Des coûts prévisionnels en hausse, des prévisions de trafics en baisse et une rentabilité socioéconomique incertaine : la Cour des comptes dans un référé (adressé le 1er août) s'interroge sur le bien-fondé du projet de liaison ferroviaire entre Lyon et Turin. Il prévoit en effet de relier les 175 kilomètres entre Aiton (en Savoie) et Orbassano (périphérie de Turin) en franchissant les obstacles naturels grâce à une autoroute ferroviaire.
"Du fait notamment du renforcement des règles de sécurité et du changement de tracé de la partie commune, l'estimation du coût global est ainsi passée, en euros courants, de 12 Md€ en 2002 à 26,1Md€ selon les dernières données communiquées par la direction générale du Trésor", souligne la Cour des comptes. Elle estime désormais indispensable la certification par un tiers extérieur des coûts prévisionnels de la partie commune.
Autre bémol soulevé par la Cour : le risque de saturation des infrastructures existantes n'est aujourd'hui envisagé qu'à l'horizon 2035.
"La mobilisation d'une part élevée de financements publics se révèle très difficile à mettre en œuvre dans le contexte actuel", souligne la Cour.Elle " relève à ce propos qu'aucun financement n'est prévu dans le budget de l'Agence de financement des infrastructures de transport en France pour 2013"
Selon le Cour, l'amélioration de la ligne existante doit rester une solution à envisager. Cependant en cas de maintien de la poursuite du projet, elle recommande d'étudier des mesures contraignantes de report du trafic transalpin de la route vers la voie ferrée.

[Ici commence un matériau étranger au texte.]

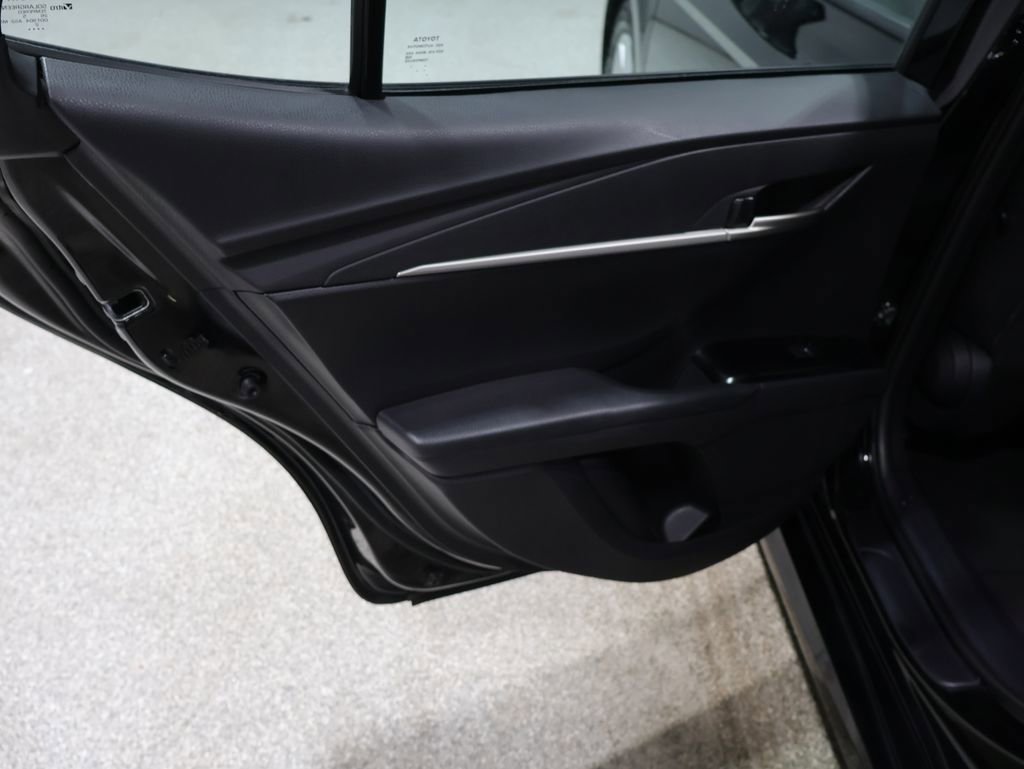Used 2025 Toyota Camry LE image 18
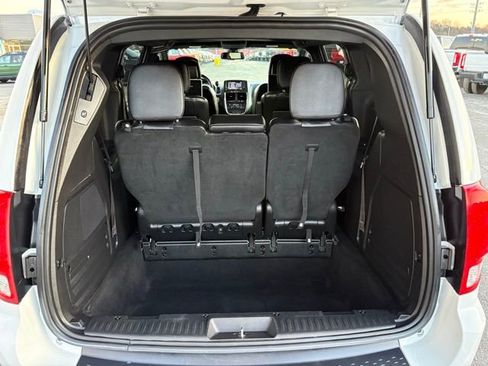 Used 2019 Dodge Grand Caravan GT image 32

Dans sa réponse à la Cour, datée du 8 octobre, Jean-Marc Ayrault réaffirme la volonté du gouvernement à réaliser ce projet. Concernant le financement, il reconnaît que "le budget nécessaire à la réalisation de ce grand projet est considérable, spécialement à un moment où le niveau des dépenses publiques doit être maîtrisé. En conséquence, une participation importante de l'Union Européenne au financement du projet est indispensable". Le gouvernement a toutefois depuis annoncé la création d'un nouveau schéma de mobilité durable.
Il rappelle également que RFF aurait estimé à plus de 4% le taux de rentabilité socioéconomique du projet sur les accès français. Il assure également que si le trafic de marchandises à travers les Alpes franco-italiennes a diminué, les Alpes dans leur ensemble affichent "une croissance observée (…) de 3,3% par an en moyenne entre 1999 et 2007, la période suivante étant marquée par un recul lié à la crise puis une remontée".
Enfin, sur la question de l'augmentation des coûts prévisionnels, le Gouvernement met en avant des difficultés géologiques et la variation des prix entre leur réalisation et la date d'estimation des travaux.